++++ DATA SUPPLIED

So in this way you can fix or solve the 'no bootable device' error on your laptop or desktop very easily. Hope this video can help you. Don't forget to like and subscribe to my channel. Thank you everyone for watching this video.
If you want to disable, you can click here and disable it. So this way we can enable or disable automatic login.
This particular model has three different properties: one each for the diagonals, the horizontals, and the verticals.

++++++++
++++ DATA SUPPLIED

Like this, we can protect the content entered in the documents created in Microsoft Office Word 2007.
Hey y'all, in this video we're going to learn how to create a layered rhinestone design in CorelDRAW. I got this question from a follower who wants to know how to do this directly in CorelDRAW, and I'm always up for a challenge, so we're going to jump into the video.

++++++++

◆ THE TASK ◆
Every line that contains the string "video" should be copied from the records.

◆ RESULT OF THIS EXERCISE ◆
So in this way you can fix or solve the 'no bootable device' error on your laptop or desktop very easily. Hope this video can help you. Don't forget to like and subscribe to my channel. Thank you everyone for watching this video.
Hey y'all, in this video we're going to learn how to create a layered rhinestone design in CorelDRAW. I got this question from a follower who wants to know how to do this directly in CorelDRAW, and I'm always up for a challenge, so we're going to jump into the video.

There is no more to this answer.